A propósito, o lugar pede um estudo de "território educacional", passível de ser objeto de estudo para futuros educadores. Raquel e Márcia reivindicam mais presença da sociedade do belo jardim da Itacelina para dentro. Há muito o que ver. Embora situada no Guaíra, é a escola da, ainda assim chamada, "favela do Parolin". No passado, tinha a seu lado outra favela, a do Valetão, hoje extinta. Se sofre estigma? Sim. Seis ônibus, em dois turnos, fazem o transporte das crianças e adolescentes – a distorção idade-série é alta e implica muitos alunos de 14 anos na 5.ª série. A vocação para "escola do Parolin" tem um efeito sobre os moradores do bairro: eles demonstram ter pouca ligação com o colégio, plantado ali, num quarteirão da Rua São Paulo, como um objeto não identificado. "Minha comunidade escolar não está aqui, está no final da Rua Brigadeiro Franco", diz Raquel, sobre mais essa "solidão" da Itacelina. Os alunos vivem quatro quadras para baixa, na mais antiga ocupação da capital, surgida em meados da década de 1950.

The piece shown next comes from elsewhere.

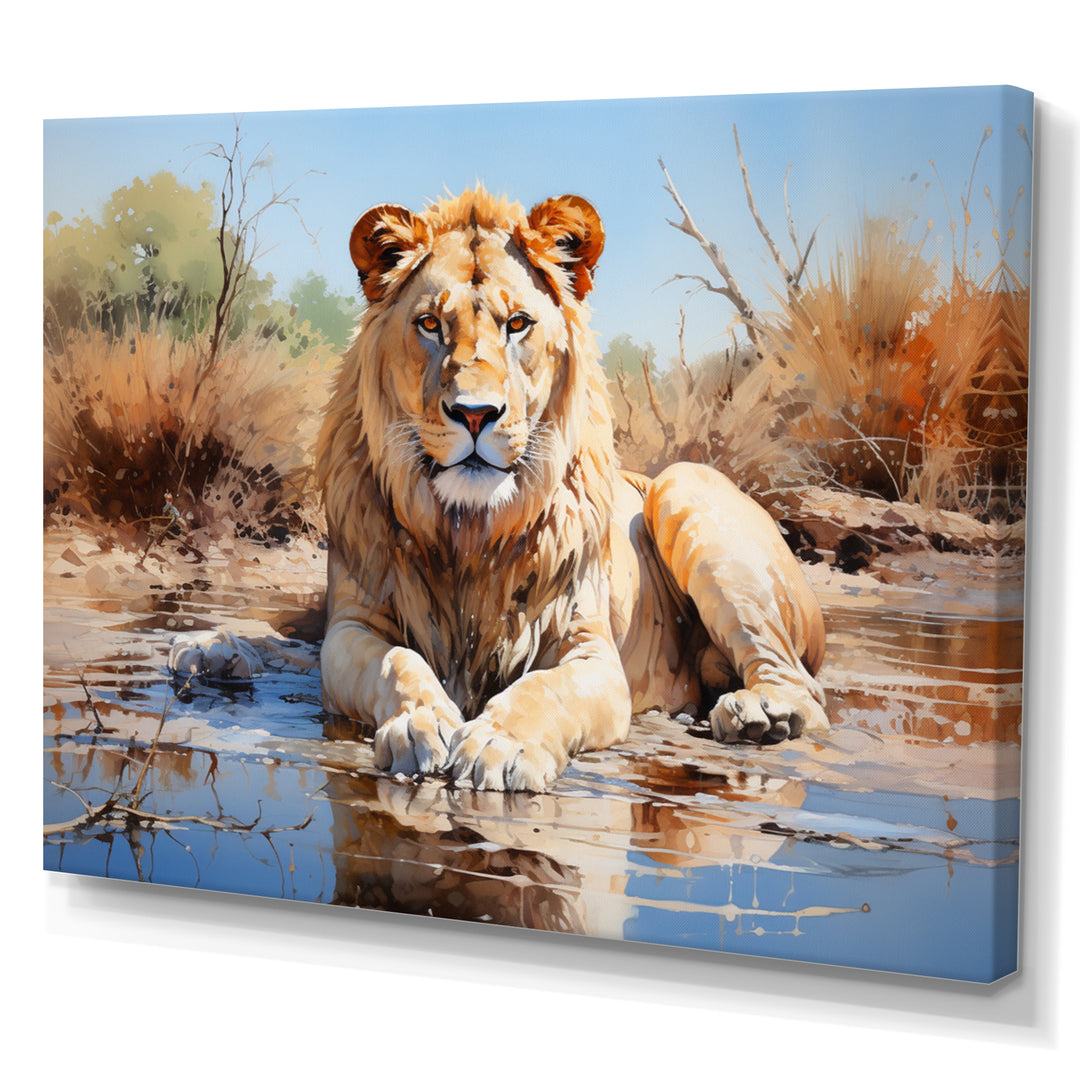 Okavango Harmony Create - Lion Home Decor Art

Noves fora, as diretoras pedem parênteses. De 2007 para cá, o Parolin passou por uma reurbanização e reassentamentos. Raquel e Márcia atestam que houve reflexos e que alguns pais – cada vez mais longe da informalidade da favela – cedem à formalidade da escola. No entorno, outro projeto de habitação popular, para moradores do Lindoia, igualmente, trouxe frutos. Com a escola mais organizada, menos professores pediram preferência: são 52 docentes, a maior parte na faixa dos 40 anos e, agora, com tendência a ficar por ali, reescrevendo a história do Itacelina. Hoje há um projeto pedagógico. E ninguém entra sem pedir licença para tirar criança da sala. Tem de pedir licença. Dar um dedo de prosa com quem ensina. Foram só 0.4 décimos a mais em dois anos – mas se aconselha multiplicar esse valor por 10.